• [WHAT YOU NEED TO DO]
Lines after the one containing "86 Simpson Street, Warrnambool, Vic" are to be omitted; print exactly each line from the start of the records up to and including it.

____

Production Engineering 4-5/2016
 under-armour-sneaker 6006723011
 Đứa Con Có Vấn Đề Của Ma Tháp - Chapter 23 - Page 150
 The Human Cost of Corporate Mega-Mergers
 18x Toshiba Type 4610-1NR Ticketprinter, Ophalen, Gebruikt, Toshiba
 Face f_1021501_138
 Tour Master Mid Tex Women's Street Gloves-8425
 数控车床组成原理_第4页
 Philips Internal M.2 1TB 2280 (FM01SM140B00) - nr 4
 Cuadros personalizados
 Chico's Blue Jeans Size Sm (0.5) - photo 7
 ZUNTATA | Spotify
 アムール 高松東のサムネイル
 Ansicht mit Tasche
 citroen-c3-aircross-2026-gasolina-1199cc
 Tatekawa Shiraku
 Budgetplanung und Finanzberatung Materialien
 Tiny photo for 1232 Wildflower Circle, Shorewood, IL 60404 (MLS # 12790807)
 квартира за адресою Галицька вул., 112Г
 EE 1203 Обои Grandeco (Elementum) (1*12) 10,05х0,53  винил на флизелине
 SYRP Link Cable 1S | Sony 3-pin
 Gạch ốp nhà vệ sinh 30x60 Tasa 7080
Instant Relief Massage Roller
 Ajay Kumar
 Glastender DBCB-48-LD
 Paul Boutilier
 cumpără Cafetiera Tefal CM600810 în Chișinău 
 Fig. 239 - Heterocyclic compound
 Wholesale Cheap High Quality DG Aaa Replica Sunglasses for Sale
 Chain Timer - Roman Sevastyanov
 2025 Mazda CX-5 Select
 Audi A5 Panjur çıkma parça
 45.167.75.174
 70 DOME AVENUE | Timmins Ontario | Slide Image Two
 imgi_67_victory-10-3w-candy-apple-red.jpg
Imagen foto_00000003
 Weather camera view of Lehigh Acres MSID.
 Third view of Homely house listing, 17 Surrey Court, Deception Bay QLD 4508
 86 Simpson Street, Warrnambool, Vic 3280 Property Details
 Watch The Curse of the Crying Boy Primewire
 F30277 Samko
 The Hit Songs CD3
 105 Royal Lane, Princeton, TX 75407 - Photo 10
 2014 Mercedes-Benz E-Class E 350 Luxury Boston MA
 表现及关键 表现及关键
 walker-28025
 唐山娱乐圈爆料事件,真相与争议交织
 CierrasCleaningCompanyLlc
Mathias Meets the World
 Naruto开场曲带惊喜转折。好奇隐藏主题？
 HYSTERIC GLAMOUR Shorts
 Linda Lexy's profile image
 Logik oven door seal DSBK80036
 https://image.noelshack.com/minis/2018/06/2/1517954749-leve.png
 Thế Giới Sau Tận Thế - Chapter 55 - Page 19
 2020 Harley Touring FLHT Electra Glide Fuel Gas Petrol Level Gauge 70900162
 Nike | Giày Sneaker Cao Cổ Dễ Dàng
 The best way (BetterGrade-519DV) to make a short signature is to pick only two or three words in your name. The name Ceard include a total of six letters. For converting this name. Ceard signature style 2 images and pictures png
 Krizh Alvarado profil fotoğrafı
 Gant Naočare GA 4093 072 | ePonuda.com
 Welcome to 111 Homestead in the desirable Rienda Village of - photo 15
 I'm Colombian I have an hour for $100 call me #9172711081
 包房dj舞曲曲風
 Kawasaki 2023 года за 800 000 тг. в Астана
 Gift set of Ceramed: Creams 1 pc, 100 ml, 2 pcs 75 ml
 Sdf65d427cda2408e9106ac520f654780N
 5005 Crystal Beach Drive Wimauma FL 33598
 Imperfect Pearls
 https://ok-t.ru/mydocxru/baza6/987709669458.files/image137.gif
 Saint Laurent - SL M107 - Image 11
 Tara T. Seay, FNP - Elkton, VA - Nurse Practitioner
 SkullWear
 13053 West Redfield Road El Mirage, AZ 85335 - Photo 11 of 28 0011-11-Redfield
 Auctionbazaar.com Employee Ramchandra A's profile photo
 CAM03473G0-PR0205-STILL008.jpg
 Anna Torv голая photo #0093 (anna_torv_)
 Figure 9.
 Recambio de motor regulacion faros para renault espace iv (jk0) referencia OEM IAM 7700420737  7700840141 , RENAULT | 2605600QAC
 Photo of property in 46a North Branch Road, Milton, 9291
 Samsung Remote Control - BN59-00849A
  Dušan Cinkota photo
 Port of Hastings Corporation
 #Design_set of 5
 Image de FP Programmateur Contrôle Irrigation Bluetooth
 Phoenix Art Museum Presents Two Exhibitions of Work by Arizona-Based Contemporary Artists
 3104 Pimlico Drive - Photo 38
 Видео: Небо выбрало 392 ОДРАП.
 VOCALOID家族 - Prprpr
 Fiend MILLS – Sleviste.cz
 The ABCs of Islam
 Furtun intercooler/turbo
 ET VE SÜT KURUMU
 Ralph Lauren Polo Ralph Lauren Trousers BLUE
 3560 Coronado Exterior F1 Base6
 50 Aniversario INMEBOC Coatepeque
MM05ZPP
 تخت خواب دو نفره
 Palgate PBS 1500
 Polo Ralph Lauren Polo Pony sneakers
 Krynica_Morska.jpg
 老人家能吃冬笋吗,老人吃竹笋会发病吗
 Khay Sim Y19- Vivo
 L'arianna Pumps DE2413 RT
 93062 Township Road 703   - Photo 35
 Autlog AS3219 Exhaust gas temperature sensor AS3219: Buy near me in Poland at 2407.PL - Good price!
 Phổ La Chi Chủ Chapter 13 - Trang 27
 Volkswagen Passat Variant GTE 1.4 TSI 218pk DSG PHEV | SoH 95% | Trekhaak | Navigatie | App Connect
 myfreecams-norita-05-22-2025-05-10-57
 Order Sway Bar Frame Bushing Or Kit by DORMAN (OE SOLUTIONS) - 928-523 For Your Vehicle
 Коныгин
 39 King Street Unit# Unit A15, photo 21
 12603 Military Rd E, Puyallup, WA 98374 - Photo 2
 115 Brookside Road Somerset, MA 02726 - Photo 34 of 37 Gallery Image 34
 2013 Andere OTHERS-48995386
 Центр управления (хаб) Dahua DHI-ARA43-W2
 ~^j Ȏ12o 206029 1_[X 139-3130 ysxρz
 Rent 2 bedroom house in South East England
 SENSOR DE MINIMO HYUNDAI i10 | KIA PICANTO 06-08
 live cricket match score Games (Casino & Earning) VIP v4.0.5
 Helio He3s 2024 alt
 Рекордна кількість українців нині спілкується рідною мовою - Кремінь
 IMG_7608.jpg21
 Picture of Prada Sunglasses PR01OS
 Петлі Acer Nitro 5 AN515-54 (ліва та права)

____

• [OUTPUT]
Production Engineering 4-5/2016
 under-armour-sneaker 6006723011
 Đứa Con Có Vấn Đề Của Ma Tháp - Chapter 23 - Page 150
 The Human Cost of Corporate Mega-Mergers
 18x Toshiba Type 4610-1NR Ticketprinter, Ophalen, Gebruikt, Toshiba
 Face f_1021501_138
 Tour Master Mid Tex Women's Street Gloves-8425
 数控车床组成原理_第4页
 Philips Internal M.2 1TB 2280 (FM01SM140B00) - nr 4
 Cuadros personalizados
 Chico's Blue Jeans Size Sm (0.5) - photo 7
 ZUNTATA | Spotify
 アムール 高松東のサムネイル
 Ansicht mit Tasche
 citroen-c3-aircross-2026-gasolina-1199cc
 Tatekawa Shiraku
 Budgetplanung und Finanzberatung Materialien
 Tiny photo for 1232 Wildflower Circle, Shorewood, IL 60404 (MLS # 12790807)
 квартира за адресою Галицька вул., 112Г
 EE 1203 Обои Grandeco (Elementum) (1*12) 10,05х0,53  винил на флизелине
 SYRP Link Cable 1S | Sony 3-pin
 Gạch ốp nhà vệ sinh 30x60 Tasa 7080
Instant Relief Massage Roller
 Ajay Kumar
 Glastender DBCB-48-LD
 Paul Boutilier
 cumpără Cafetiera Tefal CM600810 în Chișinău 
 Fig. 239 - Heterocyclic compound
 Wholesale Cheap High Quality DG Aaa Replica Sunglasses for Sale
 Chain Timer - Roman Sevastyanov
 2025 Mazda CX-5 Select
 Audi A5 Panjur çıkma parça
 45.167.75.174
 70 DOME AVENUE | Timmins Ontario | Slide Image Two
 imgi_67_victory-10-3w-candy-apple-red.jpg
Imagen foto_00000003
 Weather camera view of Lehigh Acres MSID.
 Third view of Homely house listing, 17 Surrey Court, Deception Bay QLD 4508
 86 Simpson Street, Warrnambool, Vic 3280 Property Details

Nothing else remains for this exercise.